Fan'n'music (howto: measure rpm)

[kickaha]

I wanted to reuse an old psu fan (the psu burned 10 years ago) as case fan, but knew nothing of it. First of all I tried the fan with 3x1.5V batteries, just to avoid burning my new motherboard or psu whether something wasn't fine with it. It started easily at 4.5V and needed 0.40mA. Classic fan.

But what about rpm? It has just two pin for 12V supply!
Well, I happen to be a musician, and rpm is just a frequency, so this is the recipe:

- from a sheet of paper cut a little strip, something easy to handle (say, 1x10cm)
- with the fan turned off count the blades
- with the fan turned on put the strip near the fan, just to make it buzz, but without stopping or slowing the fan
- memorize the sound and choose from the possibilities:
1) you are gifted with absolute/perfect pitch, then at this point you know exactly which note you're listening at
2) you are not, but you have an instrument and you can search for the note
3) you have neither, then you google for any software that allow you to play notes on the keyboard or something and find the note
- use the reference tables below; I made them for 7 and 13 blades; scale 0 is the central one.





Theory

The frequency of the "buzz" is just how many times a blade hit the strip in a sec.
The A/La just above the central C/Do is 440Hz, every octave up the frequency doubles, every octave down the frequency halves.
Every semitone up/down, you have to multiply/divide the frequency by 2^(1/12).

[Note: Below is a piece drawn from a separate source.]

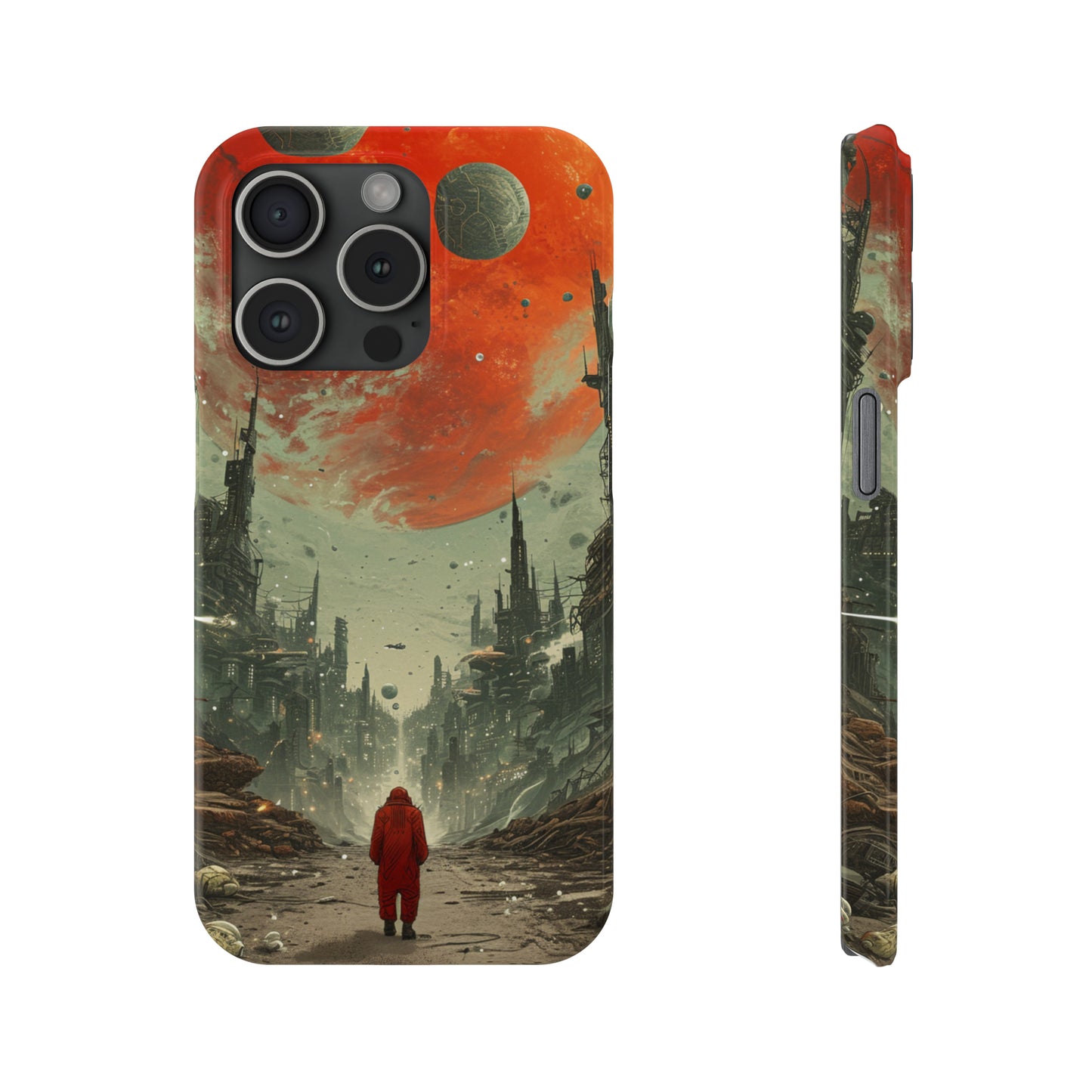 Lone Odyssey: Futuristic Spacewalker Phone Case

Finding the note, you find the frequency. Once you have it, you divide for the number of blades and you have "revolution per second". To have rpm you just multiply by 60.

Assuming you can recognize the note, the error is 1 semitone, that is always 6%.

Example

My fan buzzed a F# just under the central C. Then starting from the reference A (440Hz) I have to go down 1 octave to the previous A (220Hz = 440/2) and then down again 3 semitones:

F# <-- G <-- G# <-- A <-- ... (central C) ... <-- reference A (440Hz)

My note has a frequency of 440 / 2 / 2^(3/12) = 185Hz
Then "rps" is 185 / 7 blades = 26.4
Then rpm is 26.4 * 60 = 1586
Error is 94 rpm: precise enough, I'd say.

In the reference table (7 blades) you see this values going back 1 octave from central and looking at the F# row.

[Emyr]

I know it's just paper, but the buzz-strip might slow the fan down at lower voltage?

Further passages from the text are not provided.